Retrospective Study
Copyright ©The Author(s) 2023. Published by Baishideng Publishing Group Inc. All rights reserved.
World J Gastroenterol. Nov 21, 2023; 29(43): 5804-5817
Published online Nov 21, 2023. doi: 10.3748/wjg.v29.i43.5804
Development of a machine learning-based model for predicting risk of early postoperative recurrence of hepatocellular carcinoma
Yu-Bo Zhang, Gang Yang, Yang Bu, Peng Lei, Wei Zhang, Dan-Yang Zhang
Yu-Bo Zhang, Gang Yang, Peng Lei, Wei Zhang, Dan-Yang Zhang, Department of Hepatobiliary Surgery, General Hospital of Ningxia Medical University, Yinchuan 750003, Ningxia Hui Autonomous Region, China
Yang Bu, Department of Hepatobiliary Surgery, People's Hospital of Ningxia Hui Autonomous Region, Yinchuan 750003, Ningxia Hui Autonomous Region, China
Author contributions: Zhang YB analyzed the data and wrote the manuscript; Yang G analyzed the data and wrote the original draft; Bu Y contributed the resources; Lei P designed the research; Zhang W analyzed the data; Zhang DY wrote the original draft.
Supported by Ningxia Key Research and Development Program, No. 2018BEG03001.
Institutional review board statement: The study was approved by the Ethics Committee of the General Hospital of Ningxia Medical University (KYLL-2023-0378).
Informed consent statement: Written informed consent was provided by individual patients.
Conflict-of-interest statement: The authors declare no conflict of interest for this article.
Data sharing statement: No additional data are available.
Open-Access: This article is an open-access article that was selected by an in-house editor and fully peer-reviewed by external reviewers.
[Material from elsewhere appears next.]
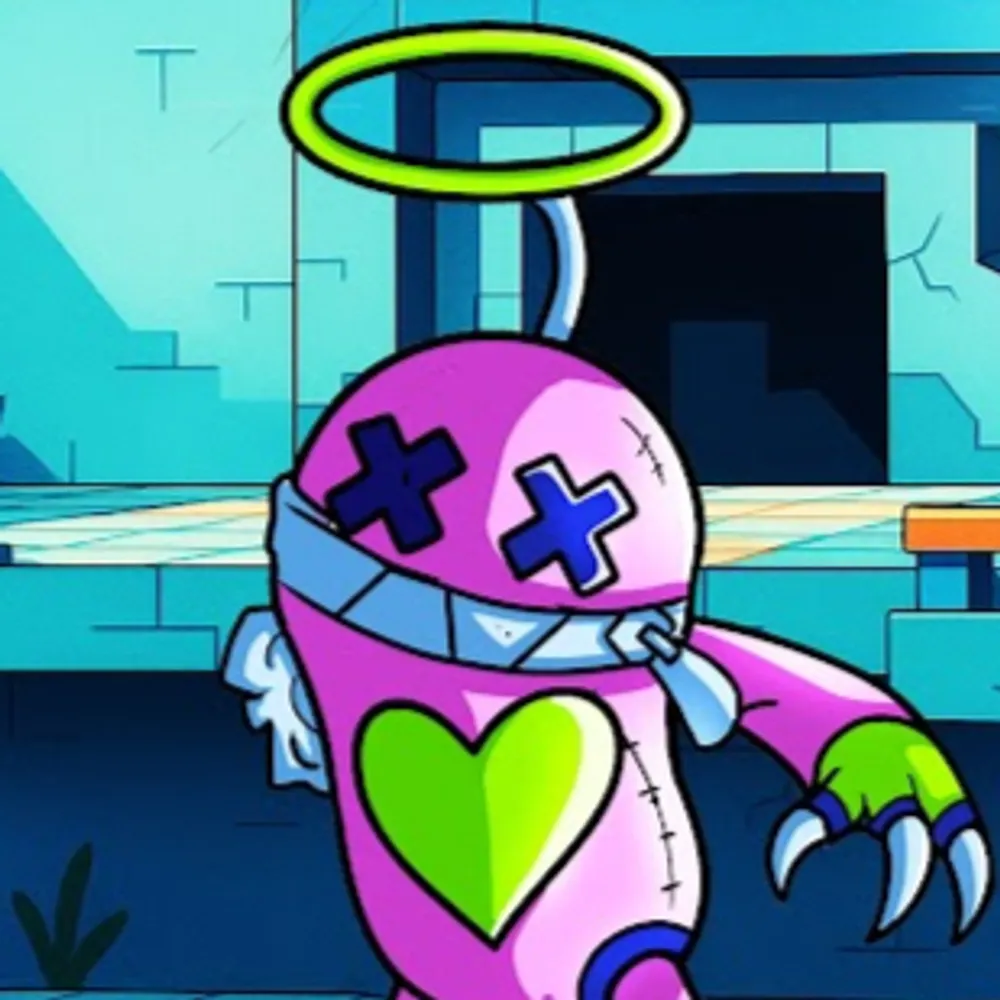 jensmeisters.bsky.social's profile picture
It is distributed in accordance with the Creative Commons Attribution NonCommercial (CC BY-NC 4.0) license, which permits others to distribute, remix, adapt, build upon this work non-commercially, and license their derivative works on different terms, provided the original work is properly cited and the use is non-commercial. See: https://creativecommons.org/Licenses/by-nc/4.0/
Corresponding author: Peng Lei, MD, Doctor, Department of Hepatobiliary Surgery, General Hospital of Ningxia Medical University, No. 84 Shenli Nan Road, Yinchuan 750003, Ningxia Hui Autonomous Region, China. leipengnx@126.com
Received: August 26, 2023
Peer-review started: August 26, 2023
First decision: September 18, 2023
Revised: October 7, 2023
Accepted: November 3, 2023
Article in press: November 3, 2023
Published online: November 21, 2023
ARTICLE HIGHLIGHTS
Research background

Surgical resection is still the main treatment for hepatocellular carcinoma (HCC). HCC recurrence is the main factor affecting patients' survival rate after surgery. Developing pre-operative non-invasive predictive methods will be highly significant in identifying patients at high risk of postoperative recurrence and precise management of those patients by closely monitoring and individualized treatment on time.

Research motivation

To develop a new risk prediction model for the early postoperative recurrence of HCC and enhance the feasibility and applicability of the constructed model.

Research objectives

This study aimed to identify key variables in pre-operative clinical and imaging data using machine learning algorithms to construct multiple risk prediction models for early postoperative recurrence of HCC.

Research methods

The demographic and clinical data of 371 HCC patients were collected and analyzed, and the key feature variables were selected to construct six different machine learning prediction models. Each model was evaluated, and the best-performing model was selected for interpreting the importance of each variable. Finally, an online calculator based on the model was generated for daily clinical practice.

Research results

Following machine learning analysis, eight key feature variables were selected to construct six different prediction models. The XGBoost model outperformed other models, with the area under the receiver operating characteristic curve in the training, validation, and test datasets being 0.993 [95% confidence interval (95%CI): 0.982-1.000], 0.734 (95%CI: 0.601-0.867), and 0.706 (95%CI: 0.585-0.827), respectively. Calibration curve and decision curve analysis indicated that the XGBoost model also had good predictive performance and clinical application value.

Research conclusions

The XGBoost model exhibits superior performance and is a reliable tool for predicting early postoperative HCC recurrence. This model may guide surgical strategies and postoperative individualized medicine.

Research perspectives

A multicenter study with large samples should be conducted in the future, and comparing our model with other prediction models is needed to further verify its reliability.